• _WHAT IS REQUIRED_
Leave the pictures out and write out exactly the lines from the top of the entries through the line containing "Spar Bolacha filipinos promoção".

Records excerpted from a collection
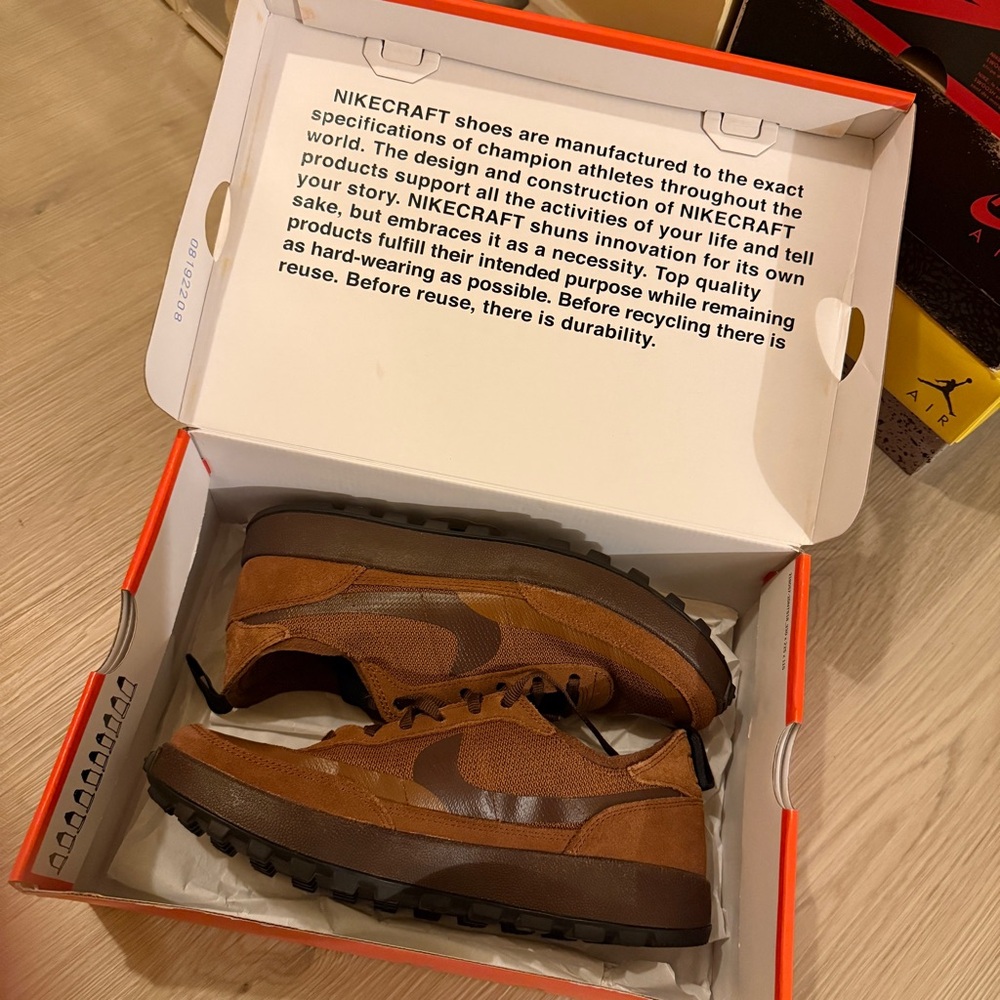 Nike craft general purpose shoes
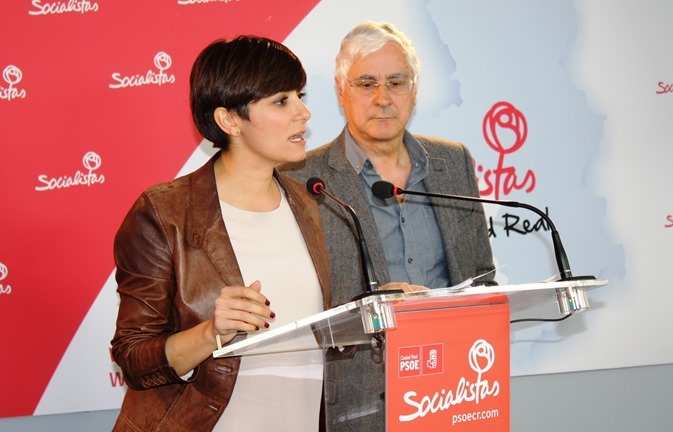 IMAGEN ISABEL RODRIGUEZ Y JM BARREDA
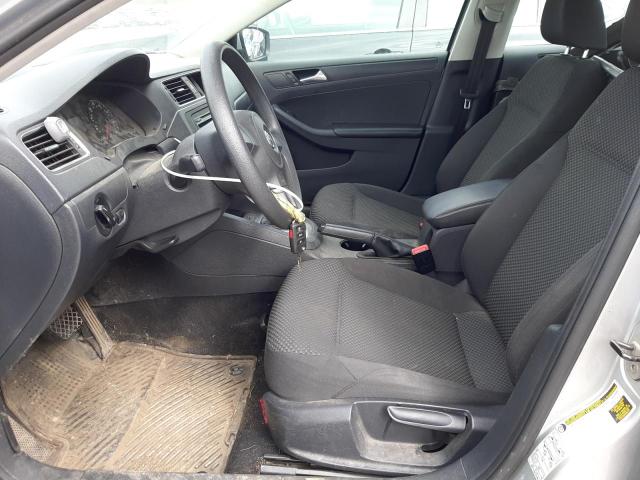 Photo 7 from auction – 2014 VOLKSWAGEN JETTA BASE with VIN 3VW2K7AJ7EM208638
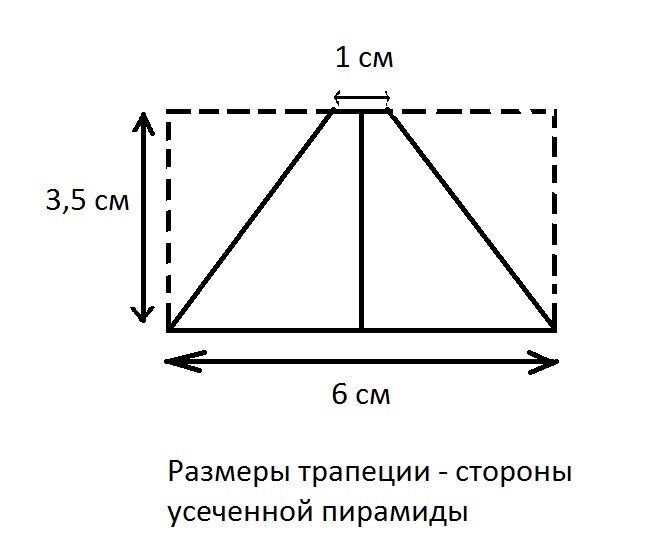 ФотоЧиталка: Мастер-класс: Как сделать пирамиду для голограммы (из обычного пластика)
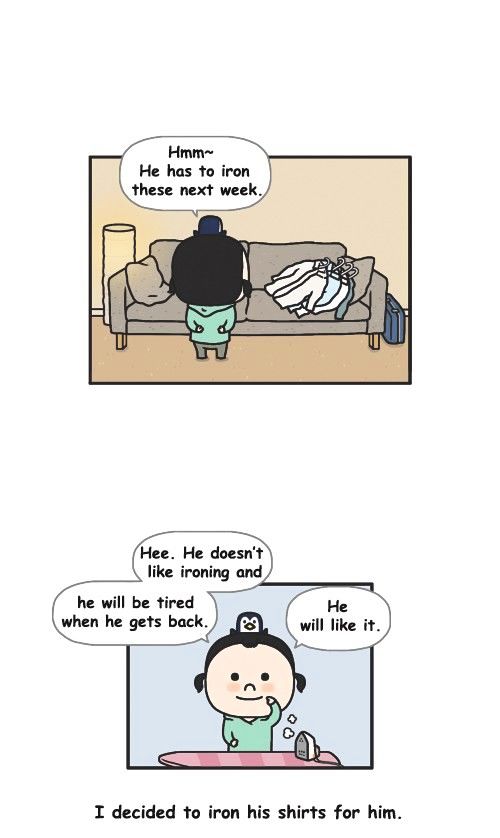 Penguin Loves Mev Chapter 175 page 8 - Chapter 175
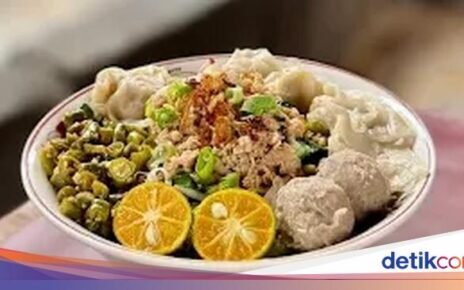 Sedap! 5 Mie Ayam Bangka Gerobakan yang Terkenal Murah Meriah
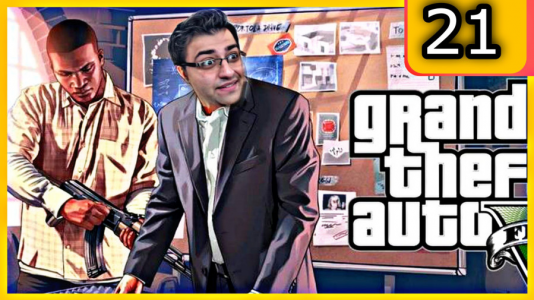  استریم جی‌تی‌ای ۵ - شایگان ام ۲ - فصل ۱ - قسمت ۲۱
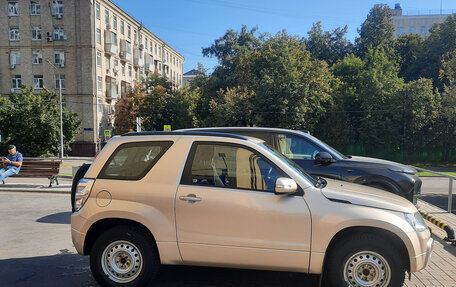 Suzuki Grand Vitara, 2008 год, 998 000 рублей, 10 фотография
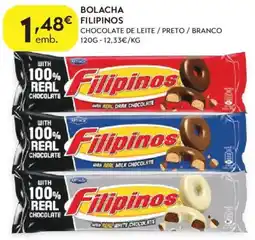 Spar Bolacha filipinos promoção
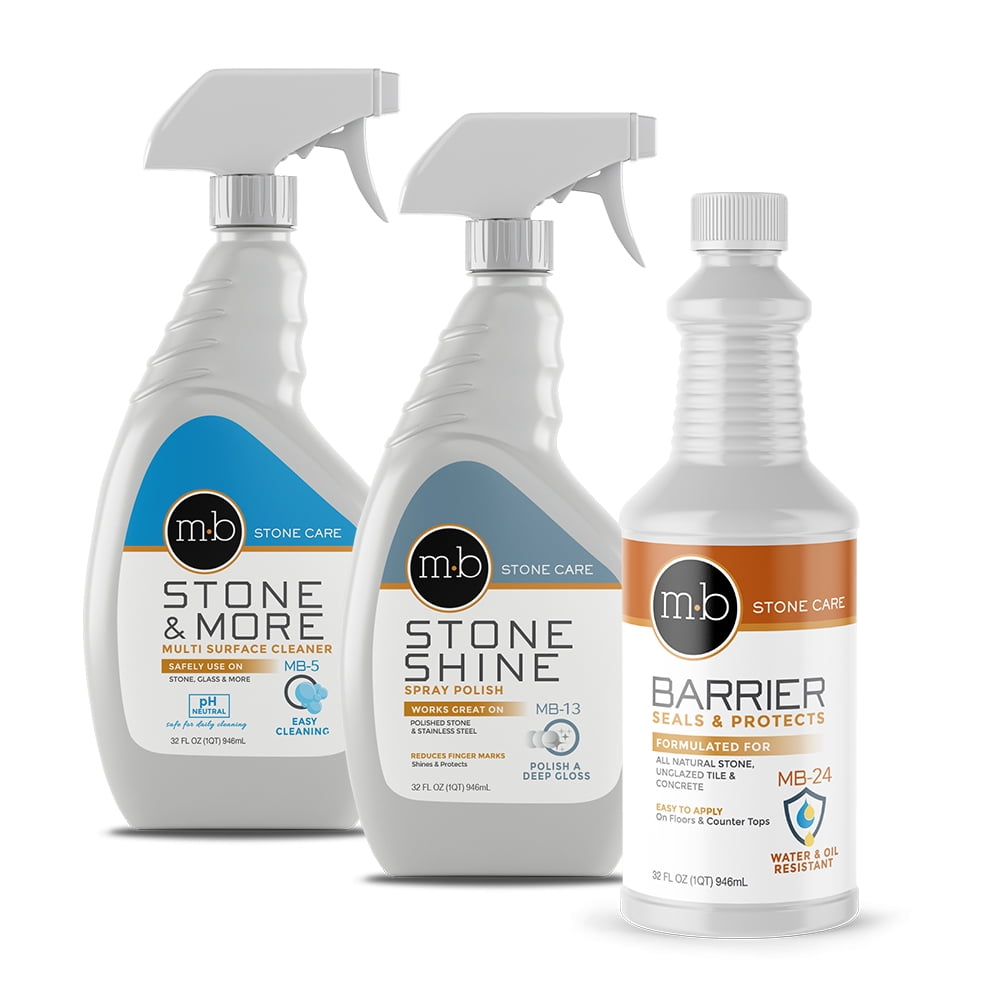 MB Stone Care Countertop Kit One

• _EXERCISE RESULT_
 Nike craft general purpose shoes
 IMAGEN ISABEL RODRIGUEZ Y JM BARREDA
 Photo 7 from auction – 2014 VOLKSWAGEN JETTA BASE with VIN 3VW2K7AJ7EM208638
 ФотоЧиталка: Мастер-класс: Как сделать пирамиду для голограммы (из обычного пластика)
 Penguin Loves Mev Chapter 175 page 8 - Chapter 175
 Sedap! 5 Mie Ayam Bangka Gerobakan yang Terkenal Murah Meriah
  استریم جی‌تی‌ای ۵ - شایگان ام ۲ - فصل ۱ - قسمت ۲۱
 Suzuki Grand Vitara, 2008 год, 998 000 рублей, 10 фотография
 Spar Bolacha filipinos promoção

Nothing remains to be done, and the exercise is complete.